Lights in the Darkness (Part One) – Green Lake Hut

“On a Mish” #104 Lights in the Darkness (Part One). Green Lake Hut (Lake Monowai Route). Fiordland National Park. 12.10.2019. While out on missions I have bumped into many fellow adventurers, some experienced, some ‘not so’ experienced. Aotearoa is a place where all hikers can find a walk to their abilities. This means wilderness fun for all even if you are a complete novice, just make sure you pick the right hike to match your abilities. Because if you get it wrong you could be in for a rather interesting experience…

From the Borland Road the walk into Green Lake Hut is a pleasant undulating stroll through open meadows, beech forest and the odd boggy area. After overcoming the ups and downs the reward is the immaculate Green Lake and its recently upgraded backcountry hut. Most visit the area during summer as access via the Borland Road is much easier and the weather provides warmer temperatures, (which for some reason most people like more than the harsh chill of a winter’s day).

In winter the alpine section of the Borland Road is closed due to the threat of avalanches crashing down off Mt Burns(1645m) hitting the road below. So, this means the walk in from either the Borland or Lake Monowai Road is much, much (much) longer in distance. If you are still keen (like me) to get to Green Lake Hut when the road is closed there is an alternative way, via a saddle northeast of Mt Cuthbert(1248m).

I had never been to Green Lake Hut during my eight years of continuously visiting the Borland Road Area. I planned to finally head to the hut and lake that I had seen from high above on the Borland Saddle plenty of times. The weather forecast was one that would probably keep most out of the mountains, but as you can probably tell by now, I don’t mind hiking on a chilly day!
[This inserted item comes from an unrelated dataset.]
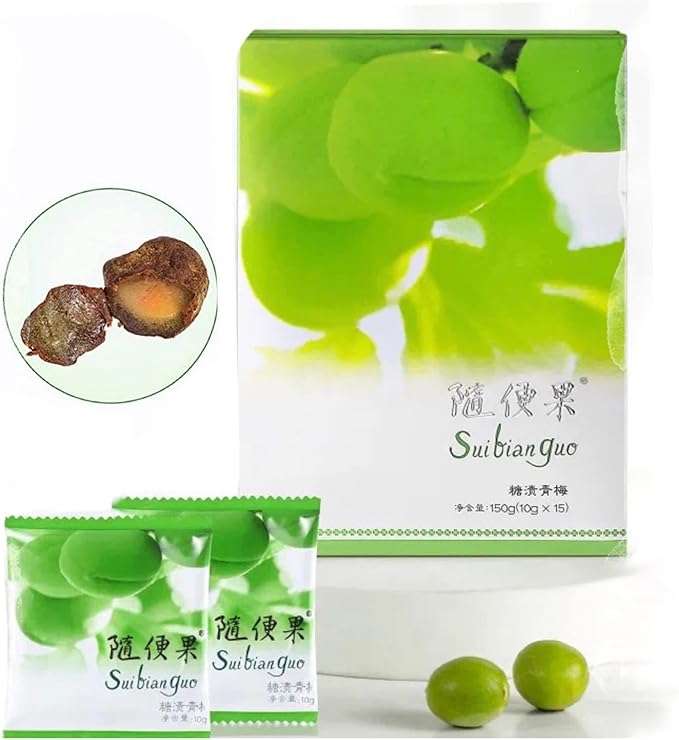 Suibianguo Diet Plum  150g | Natural Detox & Weight Management Supplement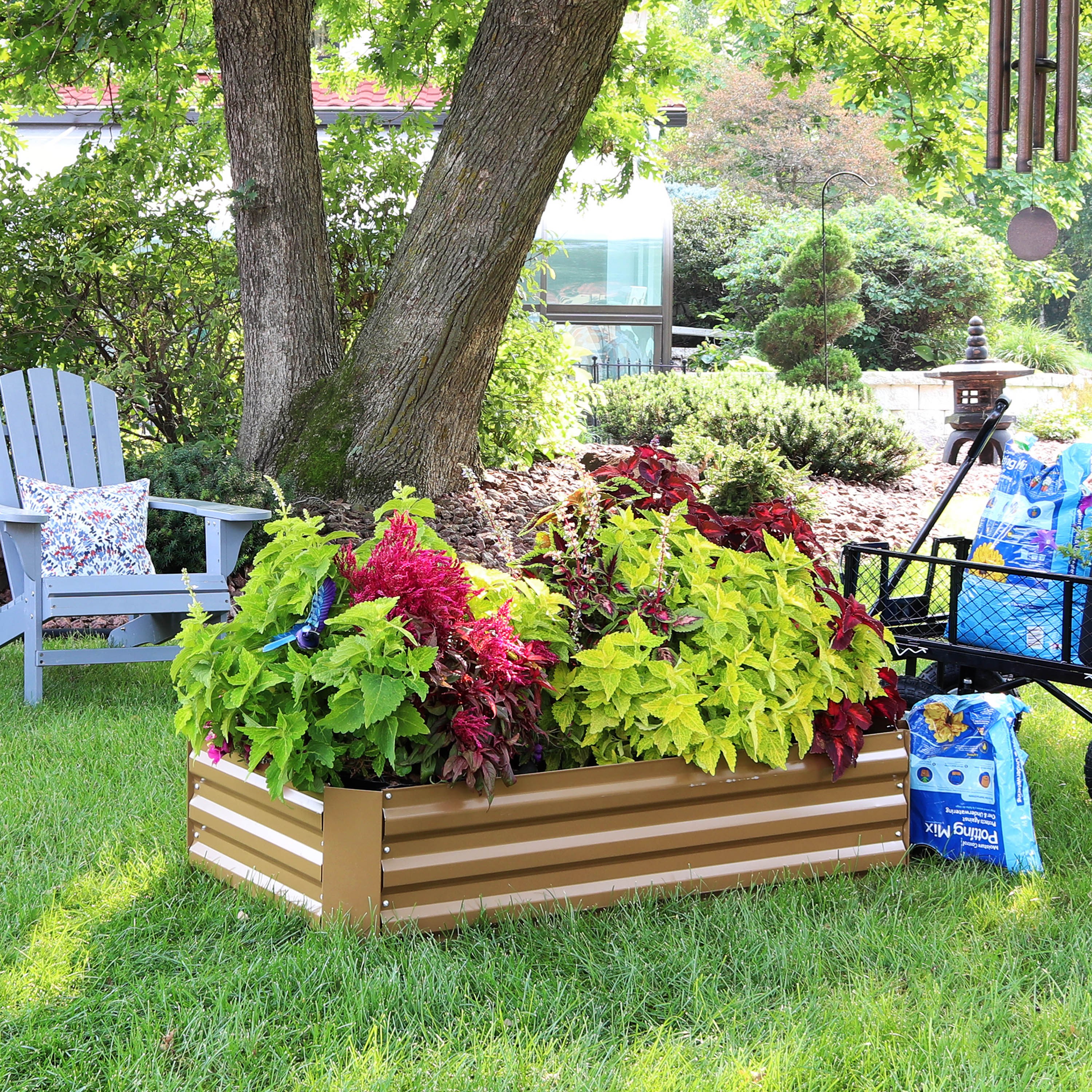 Sunnydaze Decor HB-529 Raised-Garden-Beds - View #2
After saying goodbye to civilization, I drove to the Lake Monowai Road to begin my mish. I got to the start of the track over the Cuthbert Saddle with drizzly conditions overhead, which slowly turned to rain. The rain then got steadily heavier the further I hiked. A wet wander in Fiordland is very familiar and nothing to be upset over.

The first section of the track is reasonably flat over a series of terraces, a good way to warm up. Then after passing the track which runs alongside Lake Monowai to Rodgers Inlet Hut the real work begins with the climb to the saddle. It was when I was at this point that the rain eased a little. I didn’t get too wet while on the most exposed part of the track when crossing over the alpine pass. For a short time the track is out of the forest and it is then that you get a sense of the scale of the large mountains towering all around you.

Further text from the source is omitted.